Hatırlarsanız AB ve ABD muhaliflere yardım etmek istediklerini açıklıyorlar ama bu yardımların radikal unsurların eline geçmesinden endişe ettiklerini söylüyorlardı. ABD hala aynı endişelerinden dolayı Suriyeli hiçbir muhalife ciddi destek vermiyor. Bundan dolayıdır ki ÖSO içerisindeki bazı guruplar “Esed’den sonra İslamcılarla da savaşacağız” demeye başladılar. Hatta bunlara en sonra örnek Türkiye’ye sığınan Kuzey Fırtınası isimli bir tugaydı. Bu ve buna benzer guruplar zaman içerisinde Suriye’de İslami kurallarla yönetilen bir devlet isteyenlere karşı saldırılarını arttırdılar. Bu düşüncedeki gurupların öngörüleri böyle yaptıkları zaman ABD ve AB’nin Suriye Muhalefetine ağır silah yardımında bulunacağı düşüncesidir.
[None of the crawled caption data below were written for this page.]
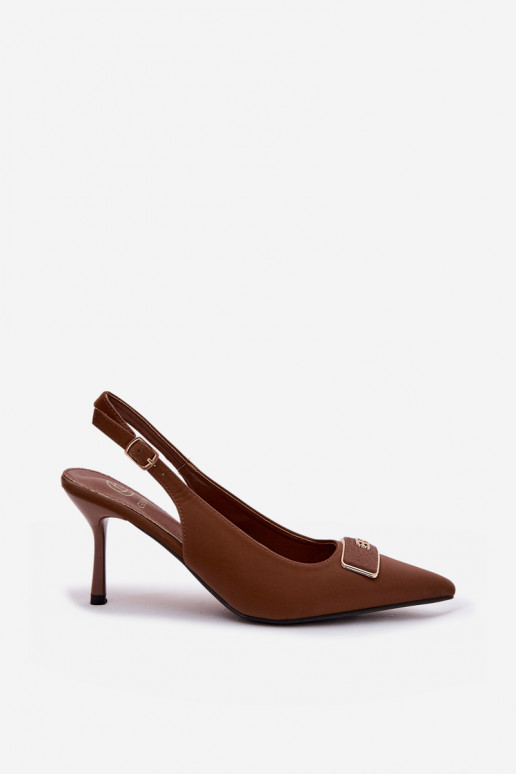Sandales à talons pour femmes avec détails décoratifs CzekoladoĮe Lurella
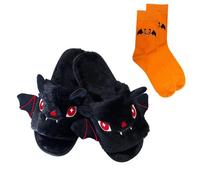 Girls Boys D mon Slippers Plush Winter Sliders Halloween Devil Slippers Kids Indoor Fuzzy Home Shoes Youth Slip On Novelty Fluffy Shoes (BK2, 1.5 Big Kids)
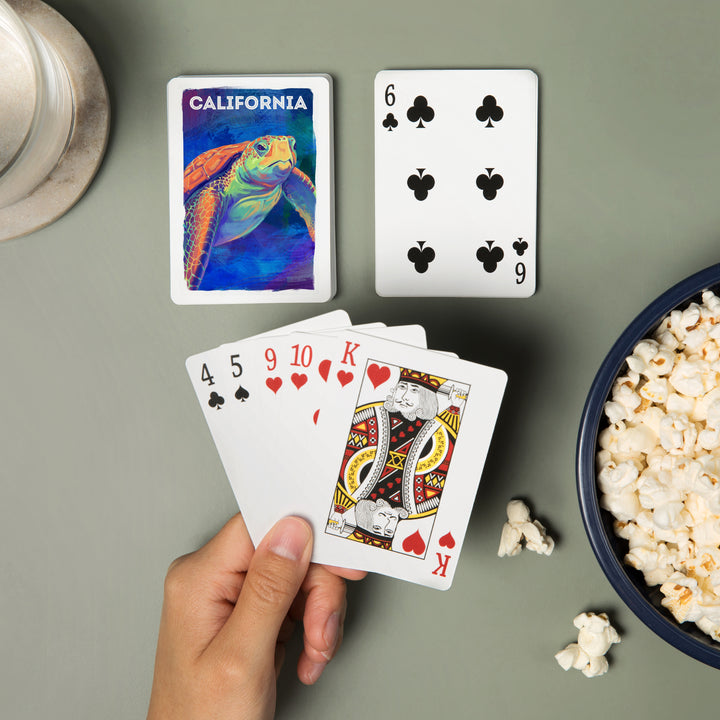 Playing Cards, California, Vivid, Sea Turtle, 52 Card Deck with Jokers in Box, Unique Art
Nusret Cephesi’nin el-Kaide ile birleştiğini açıklamasının ardından ABD’nin “Radikaller var” çağrısı daha çok karşılık bulmaya başladı. Nusret bölündü ve ortaya IŞİD çıktı. IŞİD kendisinden beklenen bütün yanlış hareketlerin önünü açtı. Devlet ilanı, biat etme zorunluluğu derken bir yıldır sinyalini veren çatışmalar karşılıklı gerilimin ardından başladı.

MESELE SADECE IŞİD DEĞİL

Suriye’de kortuğum gerçekleşti ve Baas güçlerine karşı yapılan operasyonların foto ve videolarının yerini karşılıklı kaçırılan ve öldürülen Müslümanların foto ve videoları aldı.
Sonuç olarak “Radikkale var” çağrısı işlemeye başladı ve ilk hedef olarak IŞİD seçildi.

Peki, IŞİD Suriye topraklarından çıkartılırsa bu fitne bitecek mi?

Bence bitmeyecek.

“Radikaller var” çağrısı yenilenecek ve Nusret Cephesi düşman koltuğuna alınacak.

Peki ardından? Yabancı radikaller tasfiyesi sonrasında sıra yerli radikallere gelecek. Yabancı güçlerin verdiği destek ile gücüne güç katan yerli direniş gurupları yalnızlaşacak ve içteki düşmanlarına karşı daha savunmasız hale gelecek. Zincir böyle gidecek.

Sonuç ne olacak?

Parça parça edilmiş bir Suriye ufukta sinyallerini vermeye başladı. Tek devletli bir çözüm gün geçtikçe uzaklaşıyor. Ülkedeki Sünnileri Irak’taki gibi çok zor günler bekliyor. Çünkü haklarını savunan her oluşum dünya tarafından radikal olarak tanımlanıyor. Tıpkı pisliğin üzerine üşüşen sinekler gibi Müslümanların üzerlerine üşüşüyorlar.

Müslümanların bu tür fitnelere acil olarak çözüm bulmaları gerekiyor. Cephede savaşarak elde ettikleri kazanımları ellerinde tutmalarının tek yolu da bu.

--------
Kim bir mü’mini kasten öldürürse, cezası, içinde ebedî kalacağı cehennemdir. Allah, ona gazap etmiş, lânet etmiş ve onun için büyük bir azap hazırlamıştır. (Nisa 93)

Rasulullah sav. şöyle buyurmuştur:
Şüphesiz ki dünyanın zeval bulması, yıkılması Allah katında haksız bir şekilde bir Mü'mini canının alınmasından daha evladır.

Yine hadislerinde Rasulullah şöyle buyurmaktadırlar:
Her kim bir mü'minin kanına dili ile ortak olmuş olarak gelirse kıyamet günü Allah'ın huzuruna alnında "Allahın rahmetinden mahrum" yazısı yazılı olarak gelir.